- Opening Delimiter -

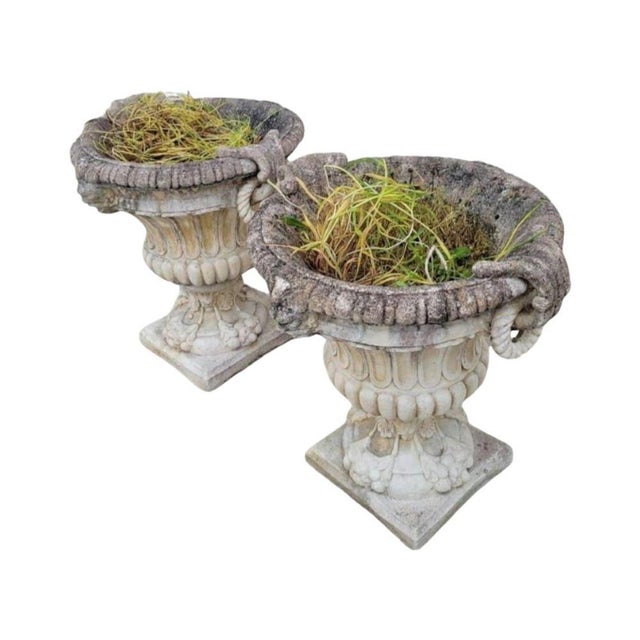 1950s Stone Planter Vases with Decorative Faces, 1950s For Sale - Image 5 of 13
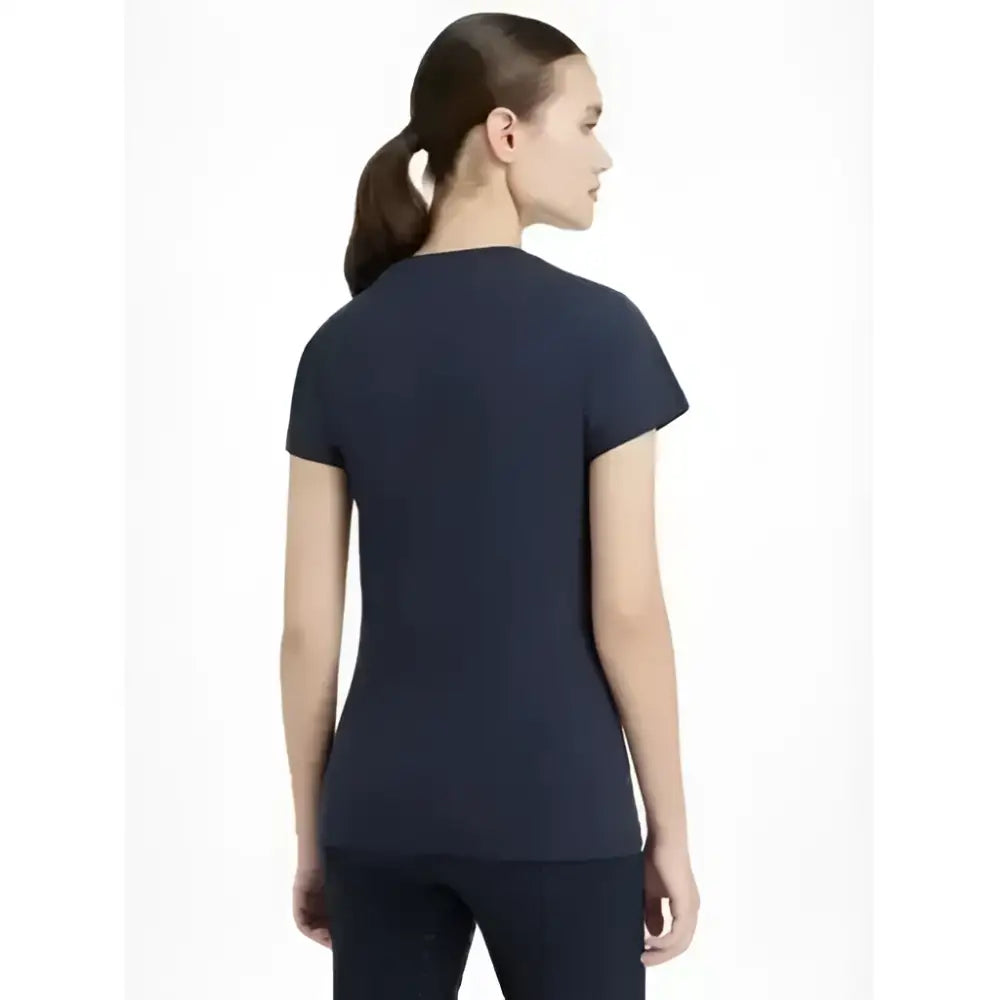 Navy blue lemieux classique t-shirt with smooth fitted fabric and simple round neckline perfect for equestrian use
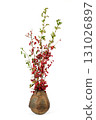 Vase with flowers on a white background. 131026897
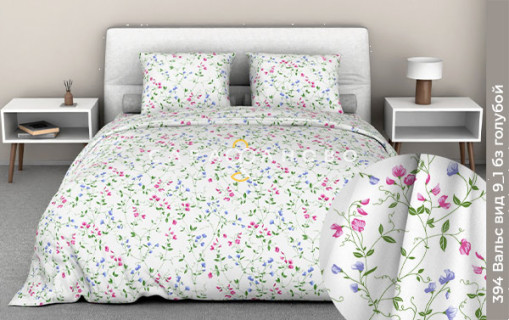 Ткань Бязь 150 см 120 гр рис вальс 9/1 вид б/з голубой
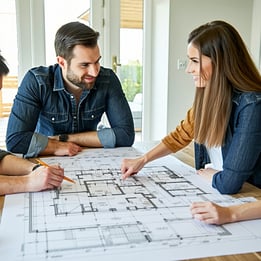 The contractor sits at a table with the homeowners carefully explaining various aspects of the design As they discuss the layout of rooms ensuring that the homeowners understand the projects scope and can provide feedback on their preferences and any-2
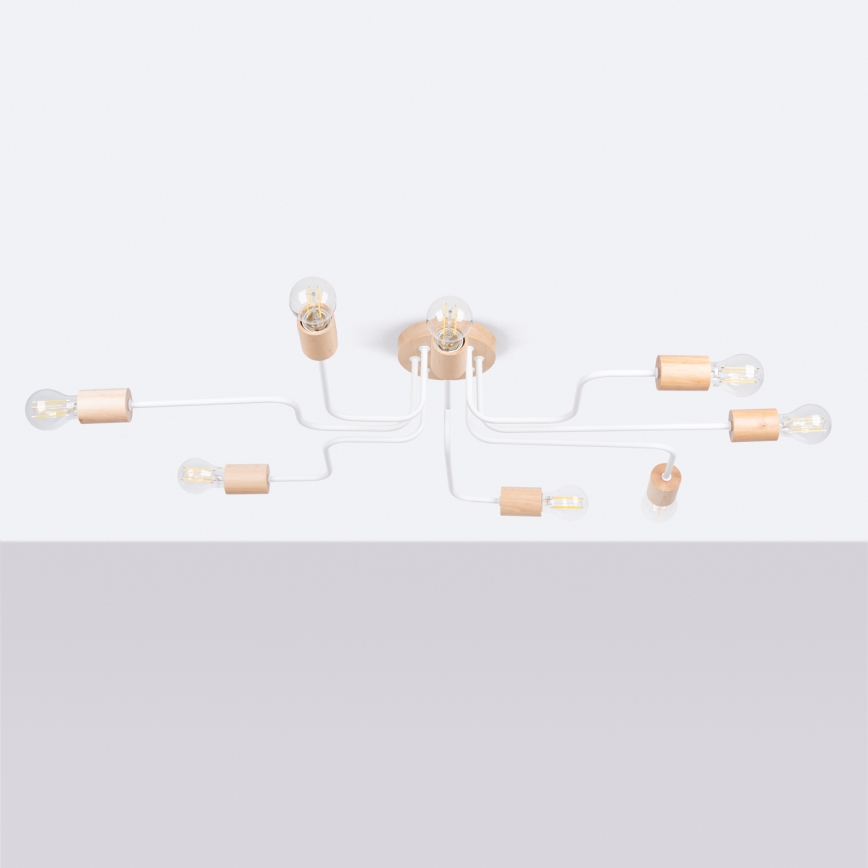 Candeeiro integrado TIMBO 8xE27/15W/230V branco/bege/faia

- Closing Delimiter -

● **Exercise**: Give back word for word the lines from the one containing "Navy blue lemieux" through the final line of the data above. Pictures are to be left out.

● **Written reply**:
 Navy blue lemieux classique t-shirt with smooth fitted fabric and simple round neckline perfect for equestrian use
 Vase with flowers on a white background. 131026897
 Ткань Бязь 150 см 120 гр рис вальс 9/1 вид б/з голубой
 The contractor sits at a table with the homeowners carefully explaining various aspects of the design As they discuss the layout of rooms ensuring that the homeowners understand the projects scope and can provide feedback on their preferences and any-2
 Candeeiro integrado TIMBO 8xE27/15W/230V branco/bege/faia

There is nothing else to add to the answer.